Плоды сада твоего… (3)

Начало здесь

Продолжение рассказа здесь

Славка пропал, как и не было его никогда. Высоченный, здоровенный, в черном кожане, он совсем не походил на соотечественников, уезжавших на историческую родину. Те были интеллигентной наружности, и профессии имели интеллигентные: юристов, адвокатов, врачей. А этот – чистый бандит. И морда – бандитская. «Хоть и симпатичная такая морда» — хмыкнула про себя Галина.

Письмо от сына пришло через год. А в нем: «Прости, мама». И еще какие-то слова про жизнь, про новую работу, про боль, про ломки, и снова – прости, мама.

А потом Славик вновь шумно, как слон – в посудную лавку, ворвался в непривычно спокойную Галину жизнь.

— Эй, мать-героиня, принимай гостей из солнечного Иерусалима! – гремел он на весь дом.

Стол и холодильник наполнились «гостинцами».

— Кошерные блюда сейчас будем готовить, старуха! – смеялся он, повязав фартук на пузо и загнув рукава свитера.

И Галя заметила, какие красивые руки у Славки: сильные, уверенные, мужские руки. И почему-то в голову пришло: ее давно не обнимали мужские руки. Так странно. Она даже покраснела от этих мыслей. Славка, гад такой, будто услышал то, что думает про него Галя. Нагло, без церемоний, сграбастал в охапку Галю и унес в спальню.

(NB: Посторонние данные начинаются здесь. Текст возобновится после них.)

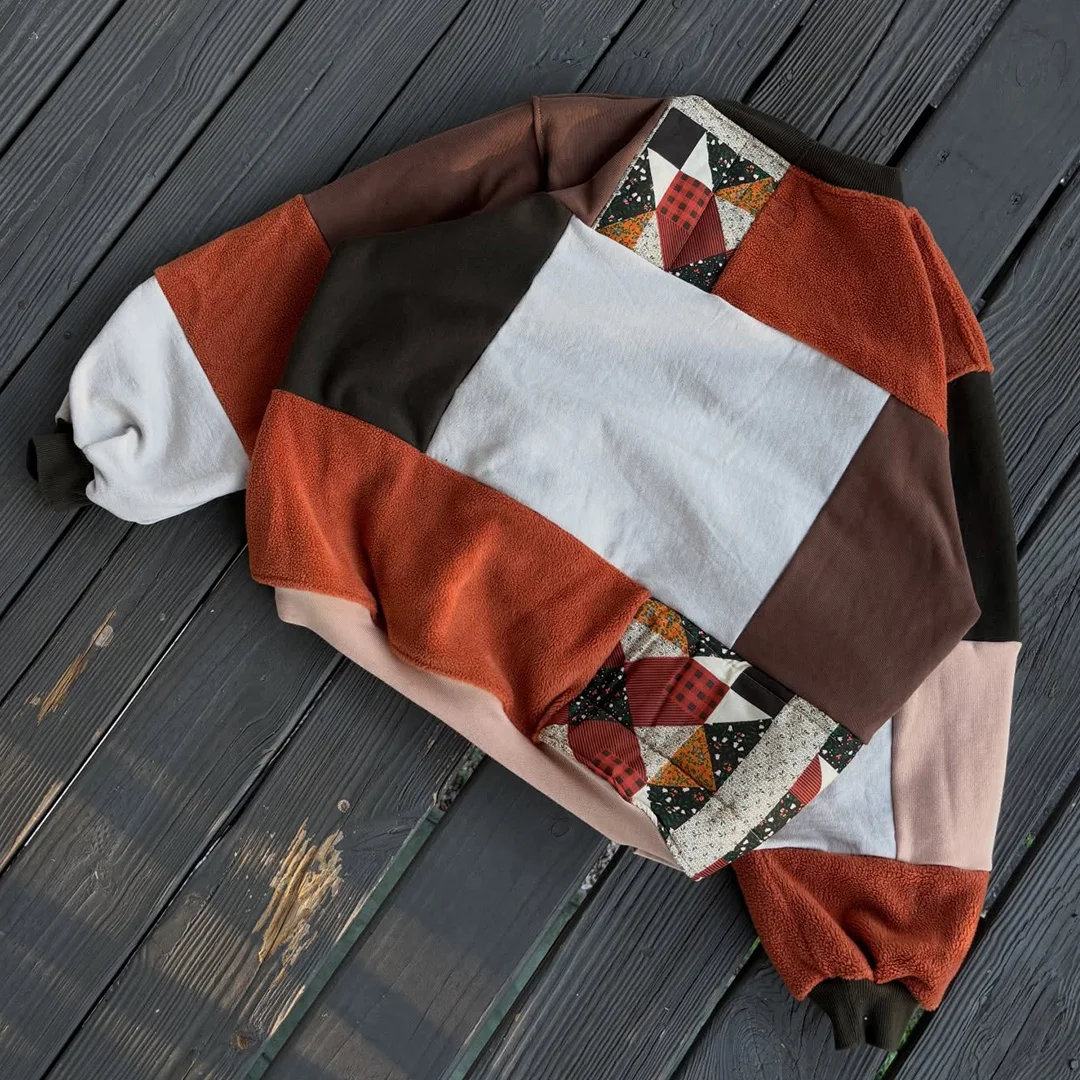 product custom vintage men crewneck sweatshirt portrait patchwork patch embroidery dtg print heavyweight brushed cotton y2k streetwear-4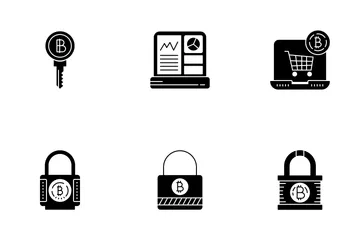 Bitcoin, Blockchain & Cryptocurrency Glyphs Icon Pack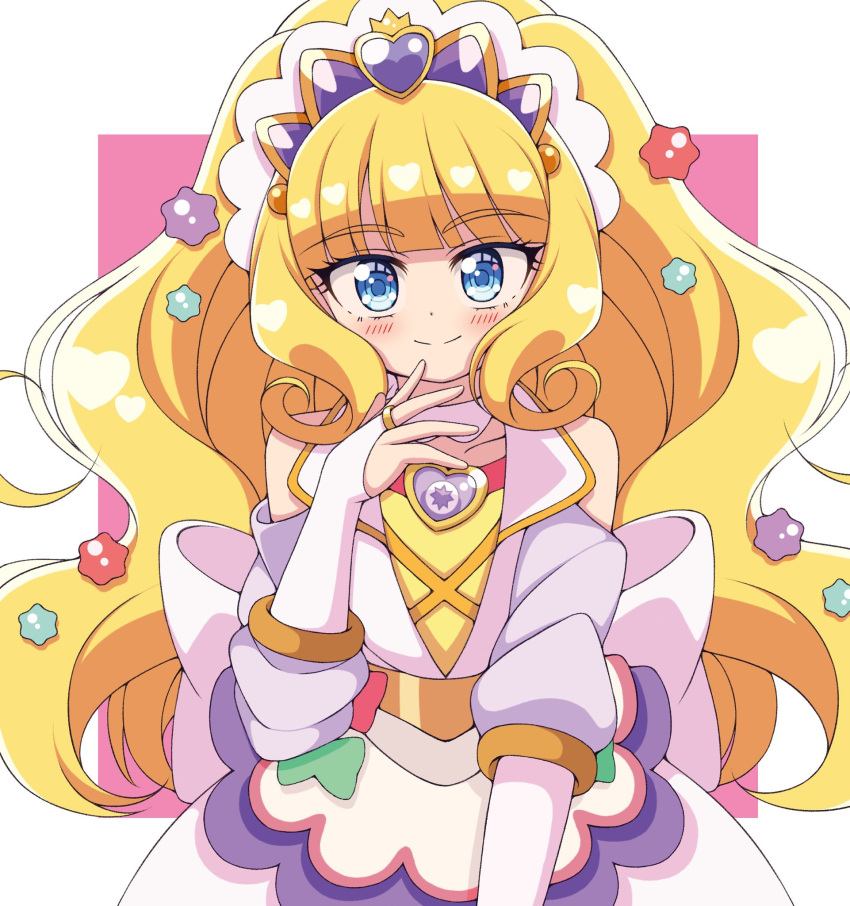 1girl back_bow blonde_hair blue_eyes blush bow bridal_gauntlets brooch commentary_request cure_finale delicious_party_precure heart_brooch highres huge_bow jewelry kasai_amane keima_(mfng4224) long_hair magical_girl precure sidelocks smile solo tiara very_long_hair white_bow wide_ponytail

Галя пищала что-то про «сорок лет — бабий век», про «стыдно», про «я не такая», но Слава только посмеивался, закрывая ей рот поцелуями. И после она, ошарашенная произошедшим, долго лежала и улыбалась в потолок. Оказывается, все – такая ерунда. И «сорок лет – бабий век», и «я не такая», и «стыдно». Ничего не стыдно! А она – молодая и прекрасная женщина!

— Мышь ты моя глазастая, — обнимал ее Славка.

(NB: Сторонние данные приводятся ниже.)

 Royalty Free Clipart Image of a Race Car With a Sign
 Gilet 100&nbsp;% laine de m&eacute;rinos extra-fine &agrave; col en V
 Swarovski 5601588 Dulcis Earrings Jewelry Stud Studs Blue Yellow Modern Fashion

Ну вот. Андрей называл Галю ласково «Одри». А для славки Галина – глазастая мышь. Ай… Да Бог с ней, с мышью. Рядом сильный мужчина, и это здорово.

Славка снова уехал и пропал навсегда. Он ведь ей ничего не обещал, правда? Какой смысл горевать? И Галина не горевала: был праздник, и прошел. Частые праздники вызывают зависть у Богов.

Еще через год вернулся домой Сережа. В его лице появились краски, в движениях – четкость и разумность, но глаза – полиняли. Глаза – старика. Ничего, Галя смирилась и с этим. Главное, что «существо» ушло из этого дома. И хотелось надеяться, что навсегда.

Сергей устроился на какую-то строительную базу сторожем на копеечную зарплату. С утра он шаркал тапками на кухне, собирая себе паек на суточное дежурство. Галина смотрела в окно на его сгорбленную фигуру и запрещала себе плакать. Пусть так, пусть. Это лучшее, что могло случится с ними.

Зарплату Сергей отдавал матери. Даже на одежду не тратился. Зато постоянно пропадал в церкви. А потом сказал Гале:

— Уйду в монастырь, мама. Пока — трудником. Даст Бог, примет меня братия. Может быть, получиться вымолить прощение у Господа за все черные грехи, что я творил.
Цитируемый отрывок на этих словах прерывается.